(RECORDS FOR THE EXERCISE begins)
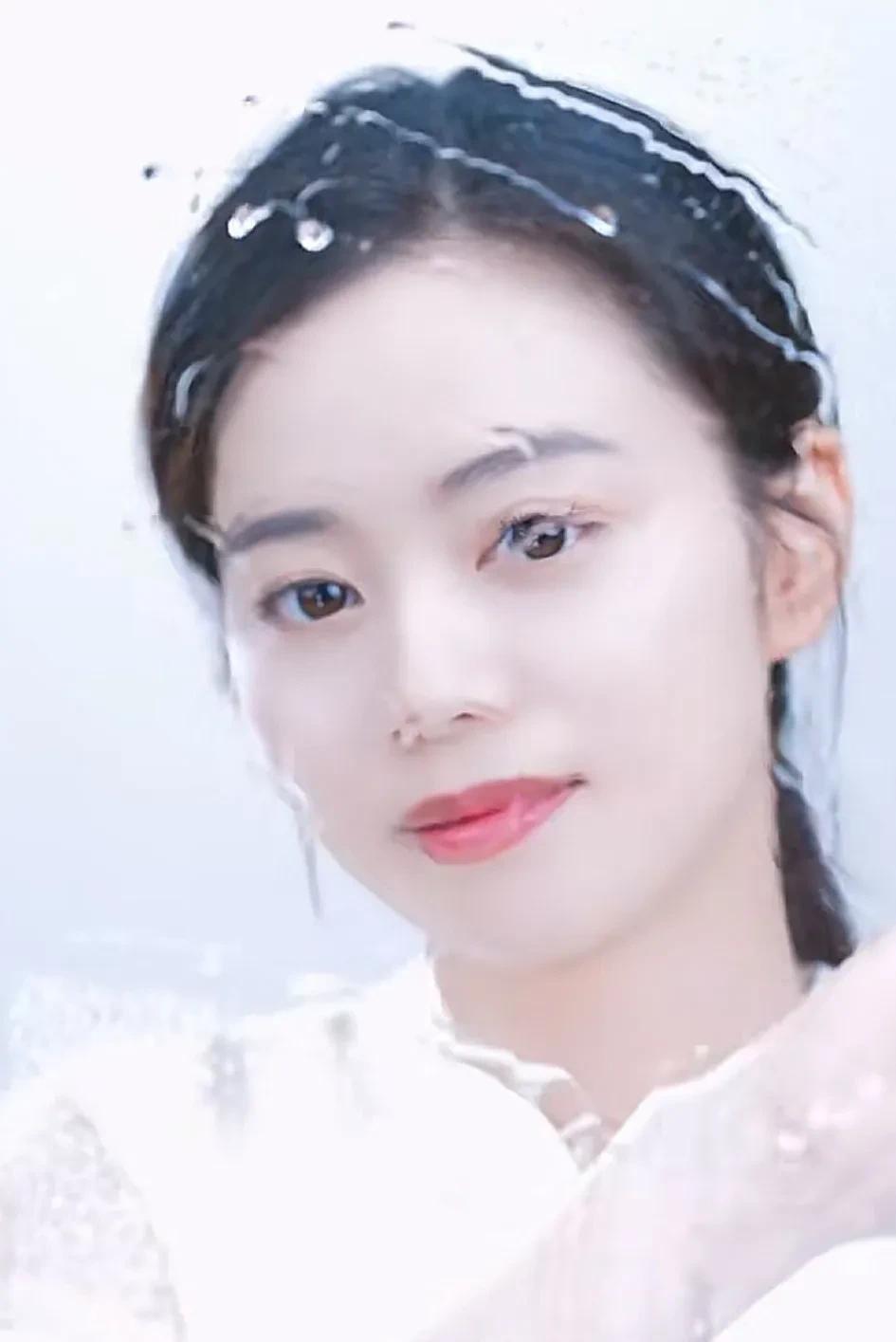 一出手就是王炸！看与辉同行主播小贝这次美妆护肤专场广告代言人做的太给力了！不知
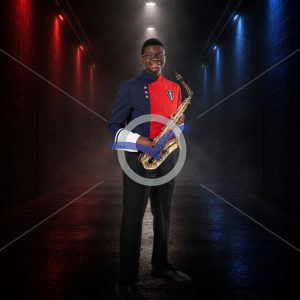 Elija Sanni - Tunnel - Pose 5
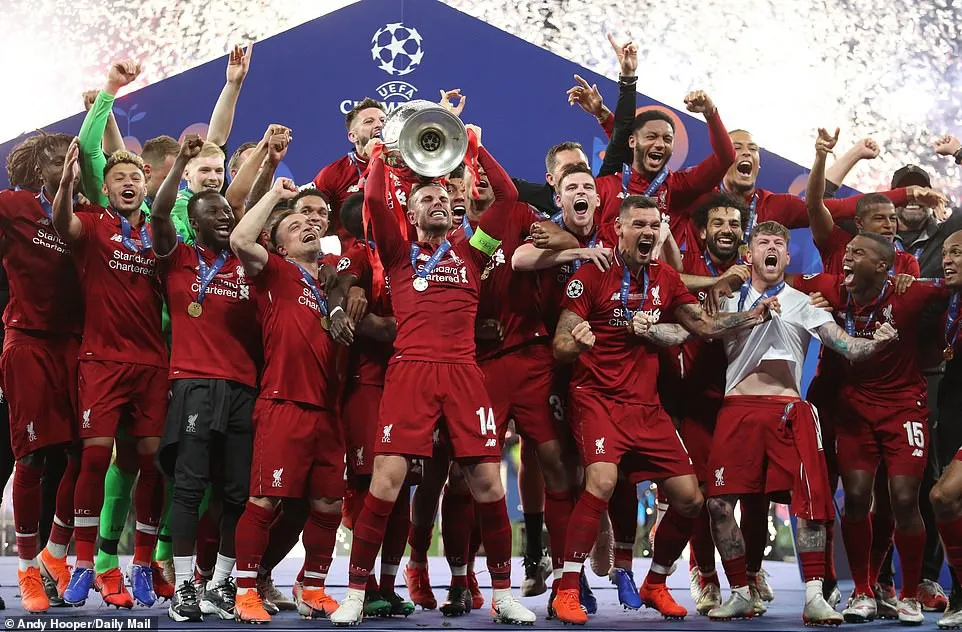 Toàn cảnh chiến thắng xứng đáng của Liverpool trước Tottenham - Ảnh 18. Toàn cảnh chiến thắng xứng đáng của Liverpool trước Tottenham - Ảnh 18.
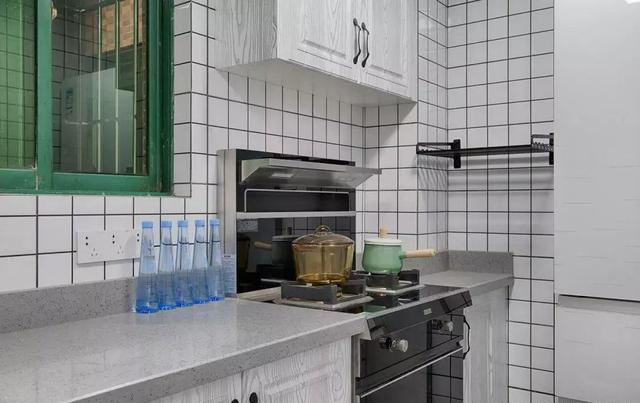 装修打通阳台房间效果,三角异形客厅装修效果图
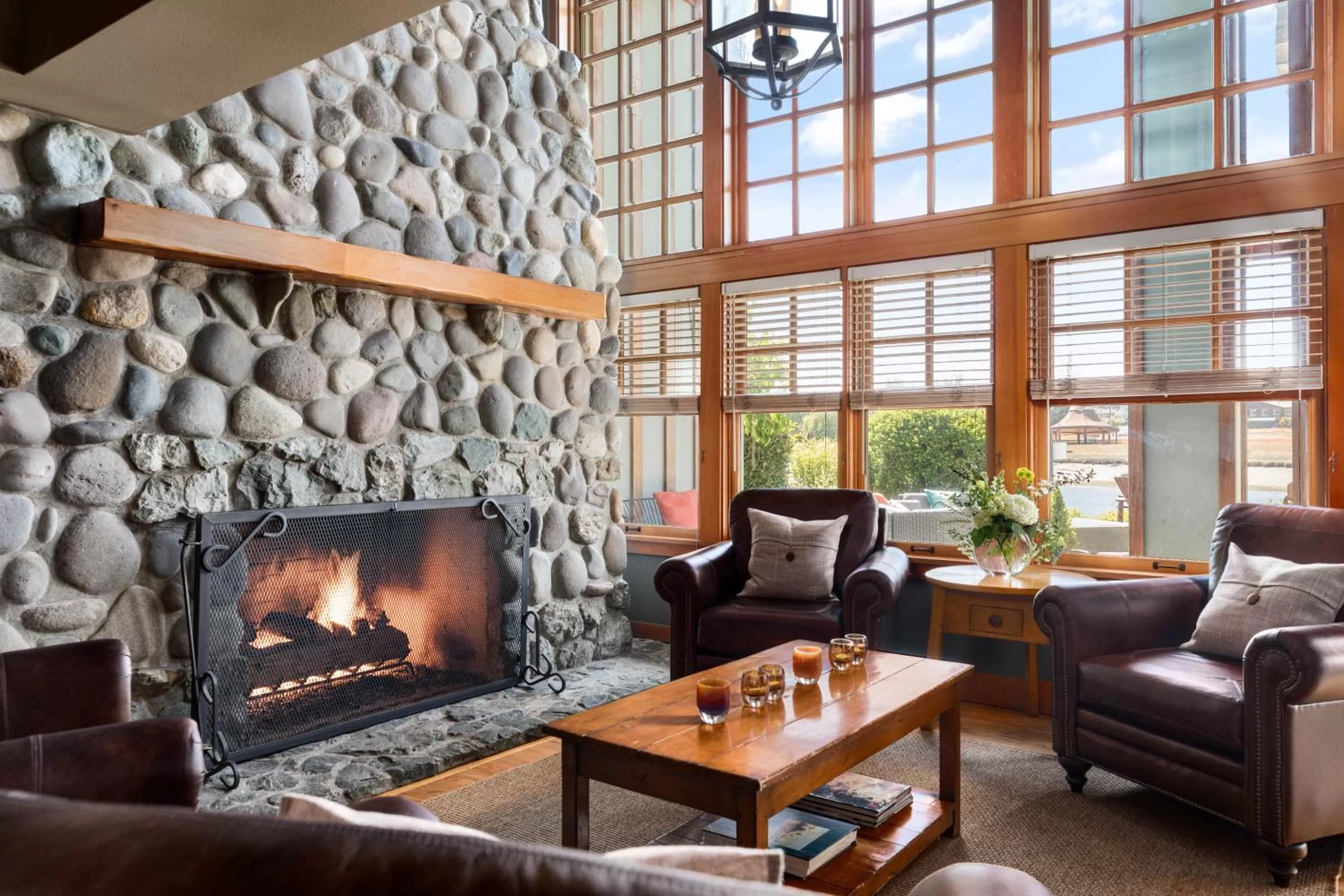 Communal lounge/ TV room, Seating Area in La Conner Channel Lodge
(RECORDS FOR THE EXERCISE ends)
WHAT YOU ARE ASKED TO DO: Only what runs from the line containing "装修打通阳台房间效果,三角异形客厅装修效果图" through the end of the entries above should be extracted, exactly and without pictures.

EXERCISE RESULT:
 装修打通阳台房间效果,三角异形客厅装修效果图
 Communal lounge/ TV room, Seating Area in La Conner Channel Lodge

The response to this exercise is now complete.